-- Task prompt --
Extract the opening line of the entries and every line after it, stopping at and including the line that contains "Щоденник недатований Buromax". Do not include pictures.
━━ Listed entries
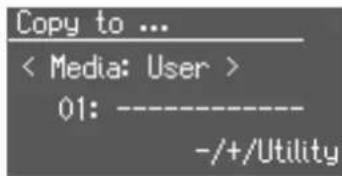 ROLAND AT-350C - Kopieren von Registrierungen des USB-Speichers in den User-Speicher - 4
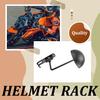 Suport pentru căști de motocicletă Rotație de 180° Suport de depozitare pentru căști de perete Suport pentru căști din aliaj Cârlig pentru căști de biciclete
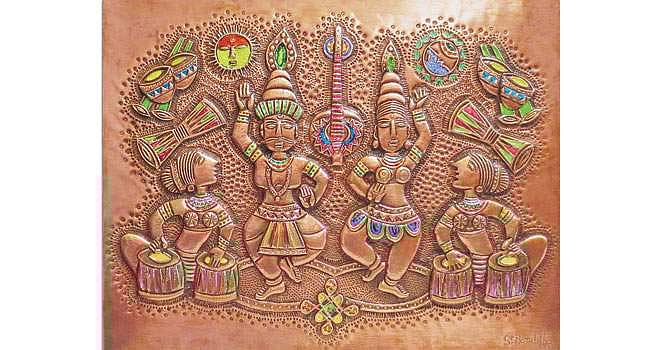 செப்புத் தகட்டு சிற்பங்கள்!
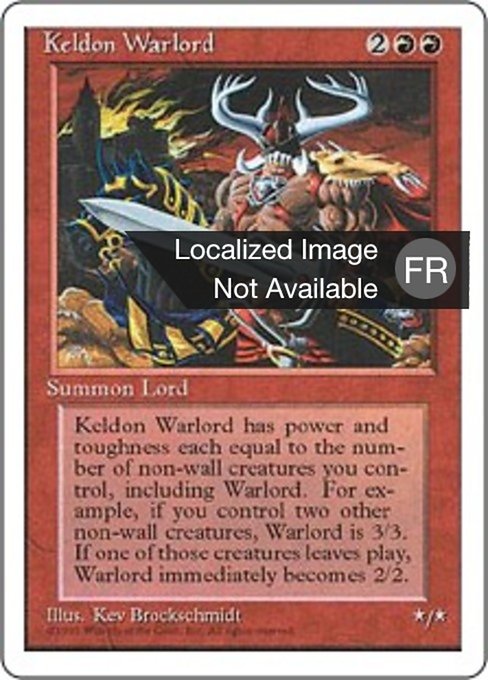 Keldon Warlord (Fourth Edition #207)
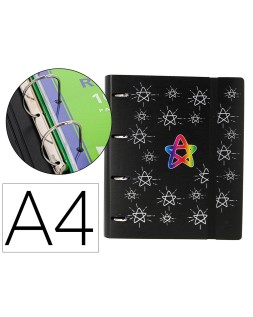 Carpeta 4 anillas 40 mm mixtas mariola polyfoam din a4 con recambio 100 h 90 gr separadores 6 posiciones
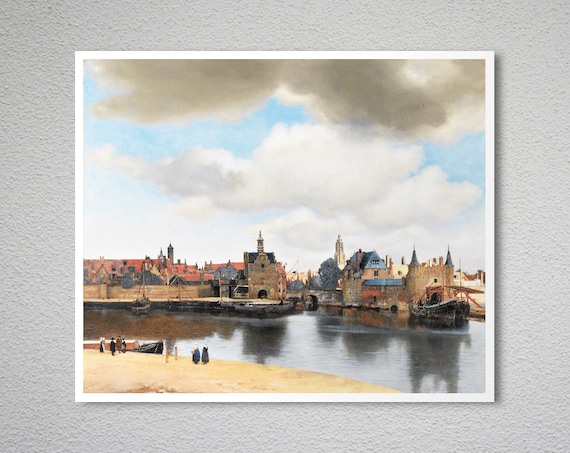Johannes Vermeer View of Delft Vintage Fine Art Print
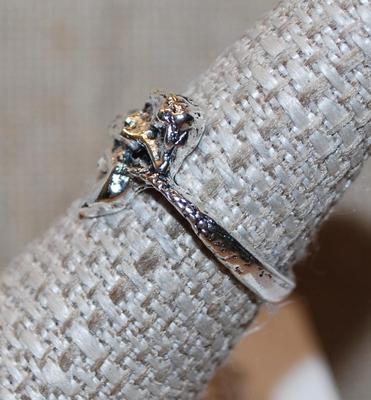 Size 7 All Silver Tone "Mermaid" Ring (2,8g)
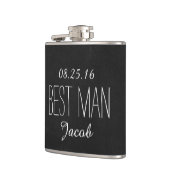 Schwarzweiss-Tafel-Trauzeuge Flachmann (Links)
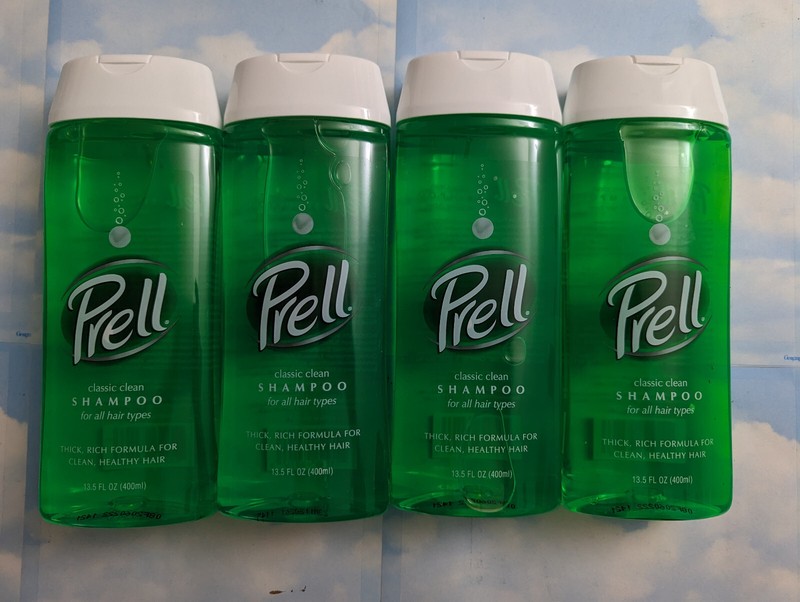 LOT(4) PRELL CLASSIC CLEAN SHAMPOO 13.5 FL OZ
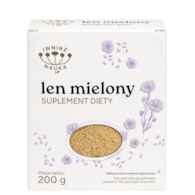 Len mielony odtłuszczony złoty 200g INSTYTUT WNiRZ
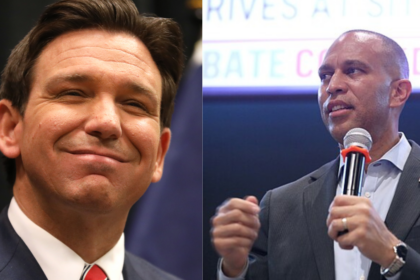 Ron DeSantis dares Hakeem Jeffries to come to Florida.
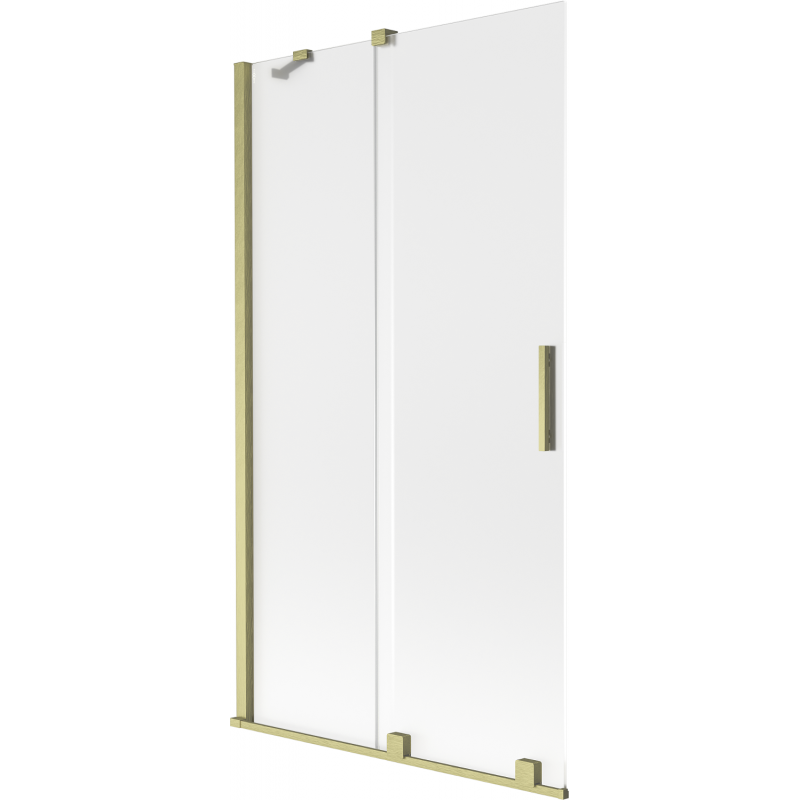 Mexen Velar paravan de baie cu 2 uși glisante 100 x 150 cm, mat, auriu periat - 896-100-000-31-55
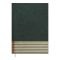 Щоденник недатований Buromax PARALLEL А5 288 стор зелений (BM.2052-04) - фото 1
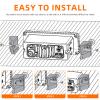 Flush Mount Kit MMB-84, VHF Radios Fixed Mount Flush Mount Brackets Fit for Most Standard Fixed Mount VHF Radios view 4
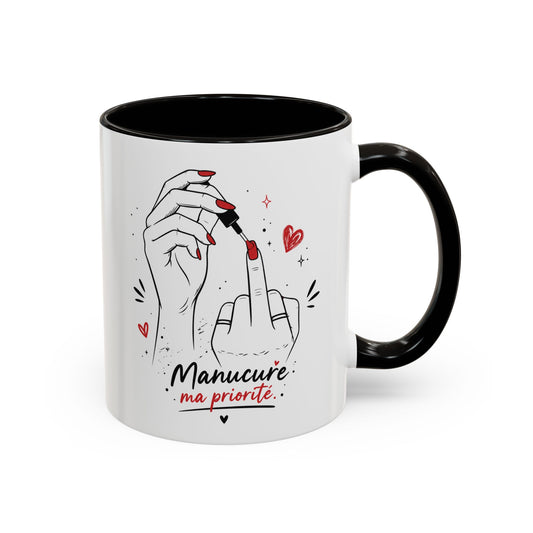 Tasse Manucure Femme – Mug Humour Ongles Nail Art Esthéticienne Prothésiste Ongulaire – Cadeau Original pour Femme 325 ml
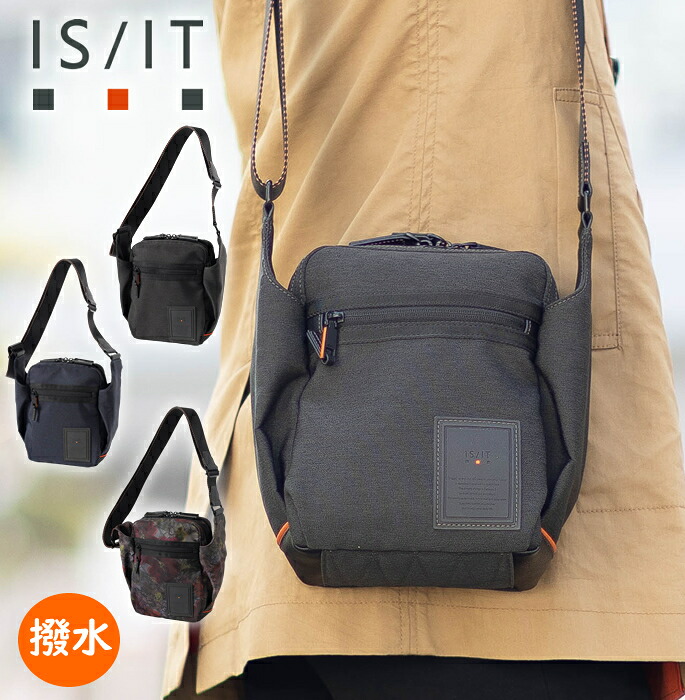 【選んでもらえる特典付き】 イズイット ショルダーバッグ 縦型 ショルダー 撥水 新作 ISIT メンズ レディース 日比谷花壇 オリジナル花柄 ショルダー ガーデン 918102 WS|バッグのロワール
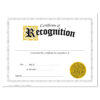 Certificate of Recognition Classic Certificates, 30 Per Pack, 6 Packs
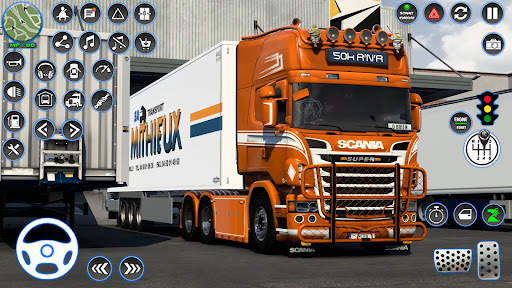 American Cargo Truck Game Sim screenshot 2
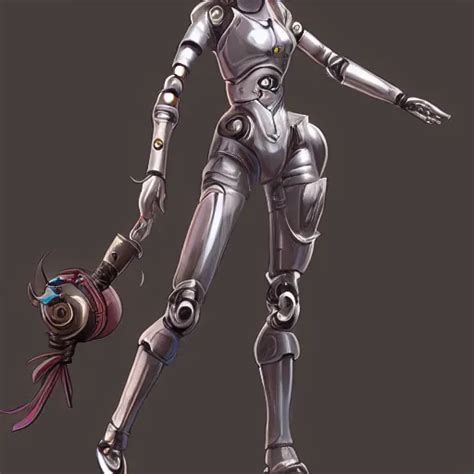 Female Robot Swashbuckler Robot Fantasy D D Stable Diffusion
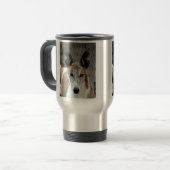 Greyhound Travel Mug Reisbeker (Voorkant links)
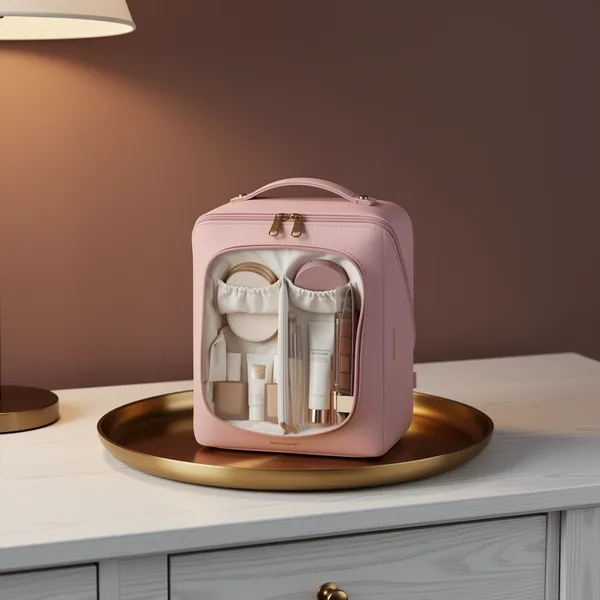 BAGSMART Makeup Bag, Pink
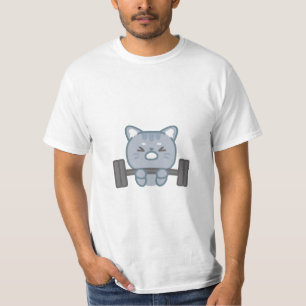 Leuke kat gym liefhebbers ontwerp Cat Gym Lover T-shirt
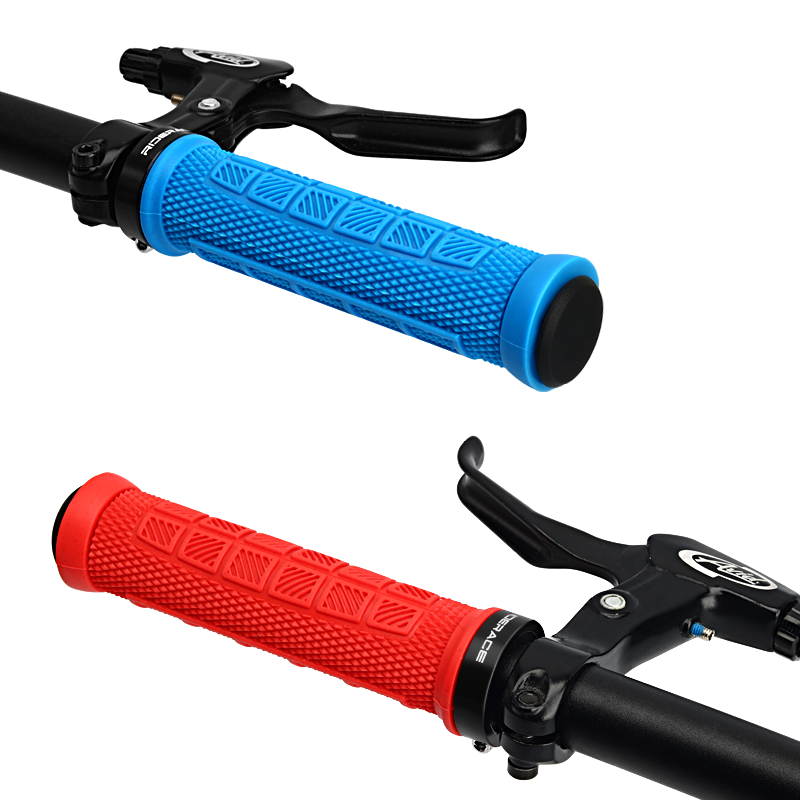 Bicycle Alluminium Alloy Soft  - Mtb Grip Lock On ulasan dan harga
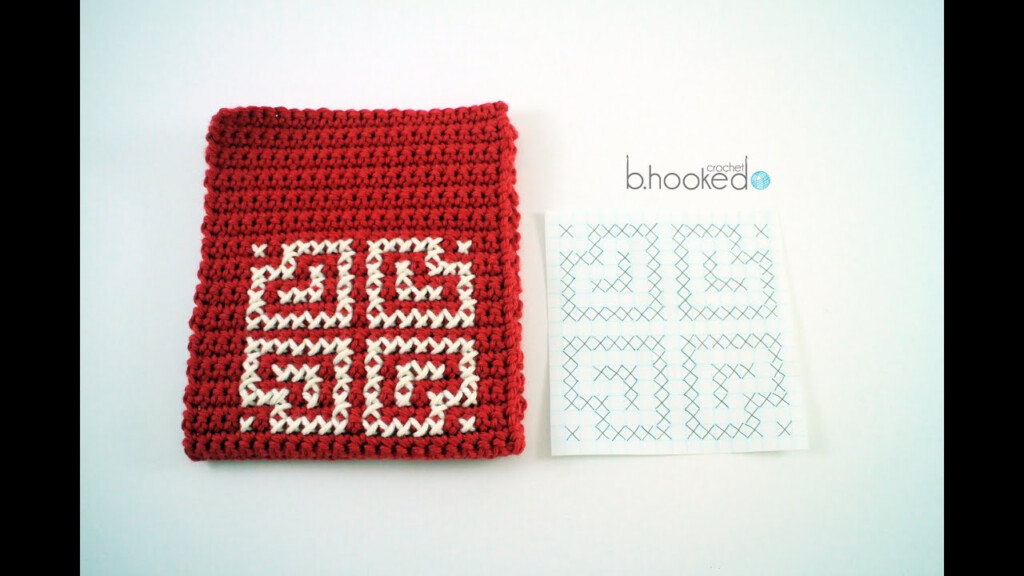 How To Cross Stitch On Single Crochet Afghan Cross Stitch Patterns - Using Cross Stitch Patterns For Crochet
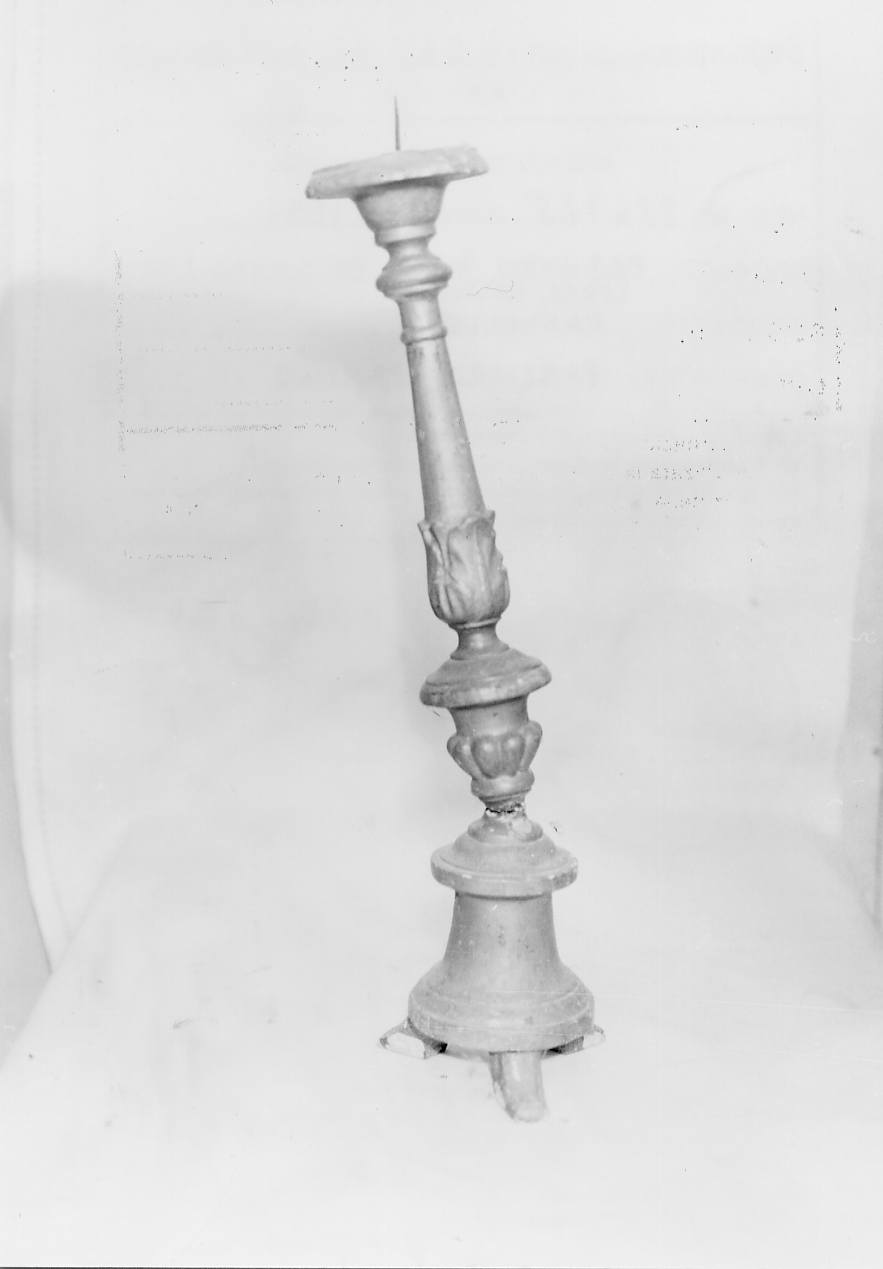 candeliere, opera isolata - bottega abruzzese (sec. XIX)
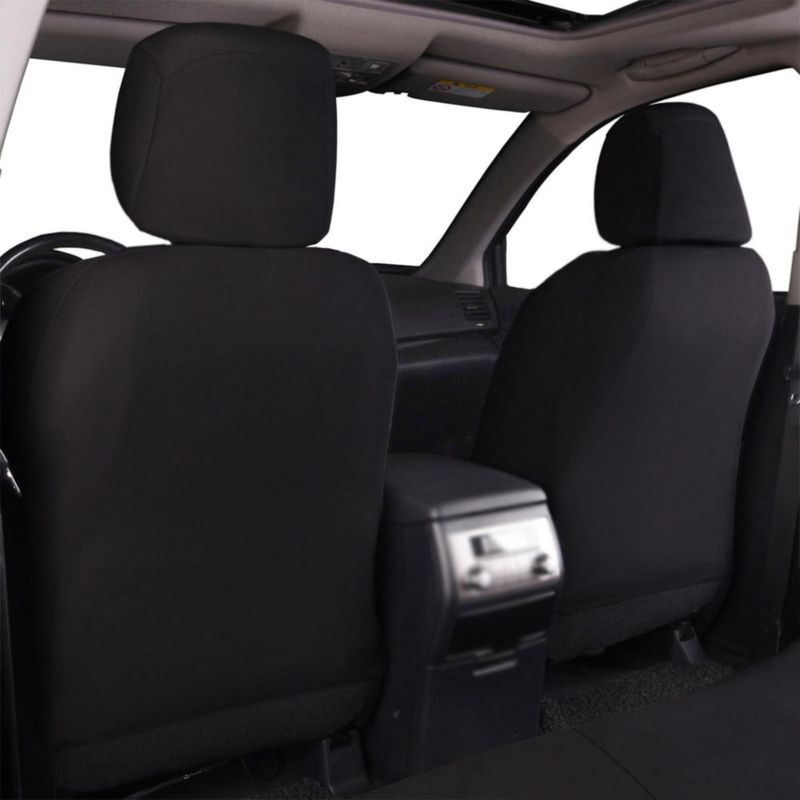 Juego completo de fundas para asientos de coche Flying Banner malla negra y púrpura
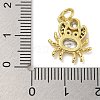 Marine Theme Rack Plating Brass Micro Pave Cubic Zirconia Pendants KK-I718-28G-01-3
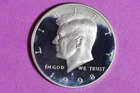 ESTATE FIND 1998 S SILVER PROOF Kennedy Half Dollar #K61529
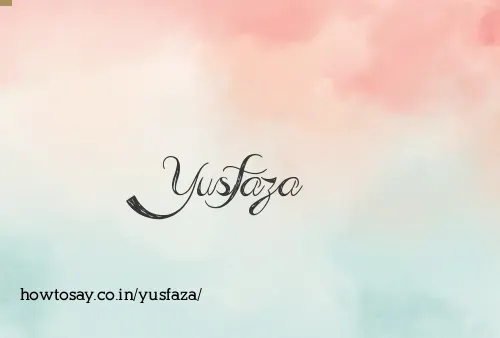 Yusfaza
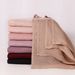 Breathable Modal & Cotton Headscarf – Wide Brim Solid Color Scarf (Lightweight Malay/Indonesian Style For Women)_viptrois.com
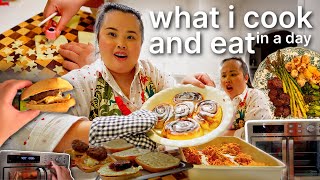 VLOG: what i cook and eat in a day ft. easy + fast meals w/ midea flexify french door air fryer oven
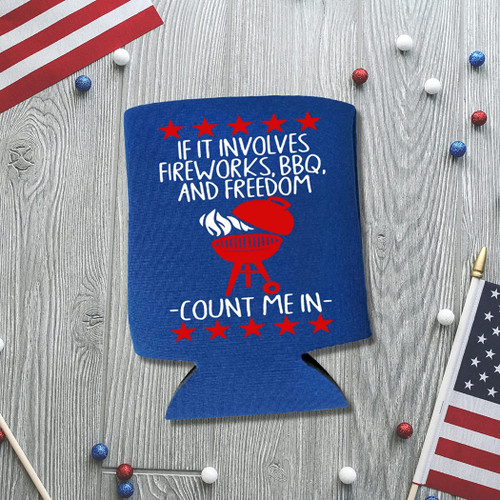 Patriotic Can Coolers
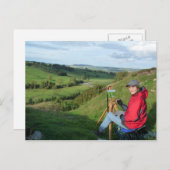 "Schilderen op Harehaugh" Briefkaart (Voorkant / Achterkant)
━━━━
-- Answer box --
 ROLAND AT-350C - Kopieren von Registrierungen des USB-Speichers in den User-Speicher - 4
 Suport pentru căști de motocicletă Rotație de 180° Suport de depozitare pentru căști de perete Suport pentru căști din aliaj Cârlig pentru căști de biciclete
 செப்புத் தகட்டு சிற்பங்கள்!
 Keldon Warlord (Fourth Edition #207)
 Carpeta 4 anillas 40 mm mixtas mariola polyfoam din a4 con recambio 100 h 90 gr separadores 6 posiciones
Johannes Vermeer View of Delft Vintage Fine Art Print
 Size 7 All Silver Tone "Mermaid" Ring (2,8g)
 Schwarzweiss-Tafel-Trauzeuge Flachmann (Links)
 LOT(4) PRELL CLASSIC CLEAN SHAMPOO 13.5 FL OZ
 Len mielony odtłuszczony złoty 200g INSTYTUT WNiRZ
 Ron DeSantis dares Hakeem Jeffries to come to Florida.
 Mexen Velar paravan de baie cu 2 uși glisante 100 x 150 cm, mat, auriu periat - 896-100-000-31-55
 Щоденник недатований Buromax PARALLEL А5 288 стор зелений (BM.2052-04) - фото 1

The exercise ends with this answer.